Полное разоружение вызвало много толков. Раздавались голоса, предлагавшие дать команду «разойдись» — Кто его знает, что нас ожидает, — говорили они подозрительно. Но «благоразумные», в том числе и наша семья, протестовали, считая, что мы не смеем подорвать оказанное нам доверие, что мы живем лучше, чем полагается жить военнопленным. Нас не разлучают с семьями. Нас не держат за проволокой, и мы обязаны ответить такой же лояльностью, чтобы подчеркнуть англичанам, с кем они имеют дело.
Для меня все «началось» 26 мая. Вечером, после скромного обеда, я пошел с женой прогуляться, думая по дороге навестить «стариков», узнать «последние новости».

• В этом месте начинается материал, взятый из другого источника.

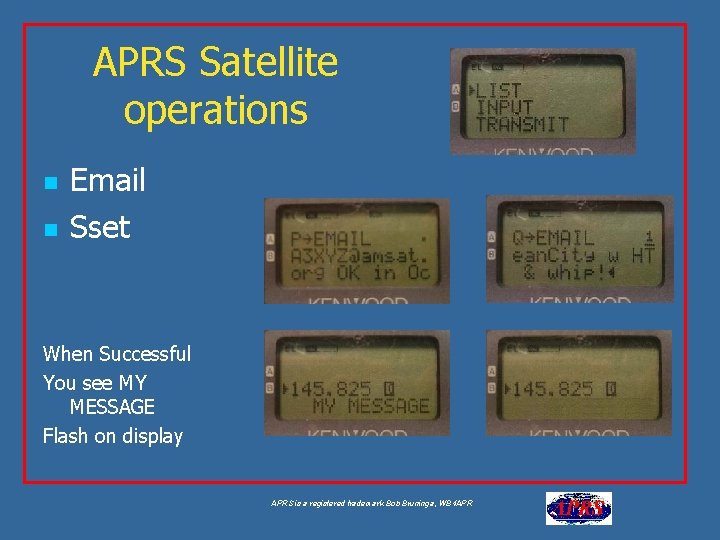 APRS Satellite operations n n Email Sset When Successful You see MY MESSAGE Flash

Форму я не снимал. Не «демонтировал» всех значков и отличий, и, возможно, выправкой и аккуратной одеждой я бросался в глаза. Гуляя, мы дошли до моста и находились вблизи английского штаба. Совершенно неожиданно ко мне подошел английский сержант и попросил меня последовать за ним.
— Ду коммен! — Ты идти! — сказал он на ломаном немецком языке.
— Ду коммен мит! — Ты идти вместе.
— Варум? — изумился я. Я чувствовал, как ногти жены впиваются в судорожном предостерегающем пожатии в мышцу моей руки.
Англичанин добродушно улыбнулся от уха до уха и развел руками.
— Ордер!
Я попросил жену подождать и пошел с сержантом в большое желтое здание, Оставив меня в коридоре совершенно одного, сержант ушел. Прошло минут пятнадцать томительного ожидания. Через окно я видел мост и за ним нервно ходящую взад и вперед жену.
Наконец, появился сержант, сопровождая пожилого английского офицера. Сержант пробовал что-то сказать, но офицер прервал его и прошел мимо меня как мимо пустого места. Я отдал честь, как офицер офицеру. Бритт не удостоил меня даже простым кивком головы.
— Ду фраи (ты свободен) — смущенно сказал сержант.
— Почему вы меня сюда привели? — все же хотелось мне знать.
— Нике ферштэен, — быстро ответил он, прибавив: Го! — и указал рукой на дверь.
Прогулка была испорчена. Мы вернулись домой. Жена долго молчала, но, не выдержав, расплакалась и стала просить меня переодеться в штатское, бросить все вещи и уехать, куда глаза глядят.